Has there ever been a PC game that actually fully used all 4096 SP, efficiently, through async compute via Parallelism?
Games like Forza 7 and Forza Horizon 4 play very well on GCN as well as other console ports (It seems UWP Games in particular). Wolfenstien 2 isn't the only 'PC' game using Async Compute.
IMO Navi's HW scheduler might be a bit more robust and their ACE could be re-organized with a lower SP count. Something that would take them beyond Async Shader quick response queuing
It might help to clarify what specifically you mean by HW scheduler.
There is an HWS unit, at least on Polaris and later GPUs. Are your data points covering older chips like Hawaii, which may mean this is not making as much of a difference?
The HWS and ACEs are on the front end of the GPU's command processing pipeline, and many games that see high performance on GCN often see big gains because their shaders and workload characteristics better fit the architecture of the back end where the workgroups launched by the front end go to be executed.

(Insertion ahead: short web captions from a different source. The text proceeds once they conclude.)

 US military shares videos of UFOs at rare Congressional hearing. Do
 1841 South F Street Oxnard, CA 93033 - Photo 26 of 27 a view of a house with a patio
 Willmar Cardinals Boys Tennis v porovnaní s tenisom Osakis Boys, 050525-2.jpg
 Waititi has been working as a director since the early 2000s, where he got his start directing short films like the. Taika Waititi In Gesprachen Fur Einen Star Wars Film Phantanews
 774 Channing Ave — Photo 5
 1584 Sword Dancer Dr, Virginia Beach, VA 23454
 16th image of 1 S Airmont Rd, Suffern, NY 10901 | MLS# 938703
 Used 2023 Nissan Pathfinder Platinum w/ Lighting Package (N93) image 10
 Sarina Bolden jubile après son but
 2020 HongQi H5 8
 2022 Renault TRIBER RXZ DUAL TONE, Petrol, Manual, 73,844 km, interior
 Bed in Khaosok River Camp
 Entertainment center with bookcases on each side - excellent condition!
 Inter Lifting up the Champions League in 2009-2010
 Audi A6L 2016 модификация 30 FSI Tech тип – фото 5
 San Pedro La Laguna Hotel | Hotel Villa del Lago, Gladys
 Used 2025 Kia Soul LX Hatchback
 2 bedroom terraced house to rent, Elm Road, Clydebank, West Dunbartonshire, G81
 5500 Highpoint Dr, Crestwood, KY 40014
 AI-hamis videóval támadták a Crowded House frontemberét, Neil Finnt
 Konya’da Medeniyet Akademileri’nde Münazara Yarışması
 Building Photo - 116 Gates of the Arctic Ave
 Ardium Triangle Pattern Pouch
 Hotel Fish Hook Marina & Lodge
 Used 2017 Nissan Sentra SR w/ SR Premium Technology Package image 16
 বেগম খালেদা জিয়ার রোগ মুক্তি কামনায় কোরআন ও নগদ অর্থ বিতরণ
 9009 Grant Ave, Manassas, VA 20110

Losing resources in the back end, past a relatively modest baseline for asynchronous compute, would generally make things harder for the front end. They have limited influence on how well wavefronts execute past their early involvement with them.
If there is any expectation of improvement in the graphics pipeline, removing compute resources would make it doubly hard for the ACEs and HWS, as they exist to fill in gaps in graphics execution. The fewer spare resources, the fewer gaps.
Quick response queuing and other forms of resource reservation or pre-emption do worse if there are fewer resources to spare. They explicitly sacrifice throughput for responsiveness, either by walling off resources that could have gone somewhere else "just in case" or by forcing wavefronts that were running at very high utilization to yield to something that is not.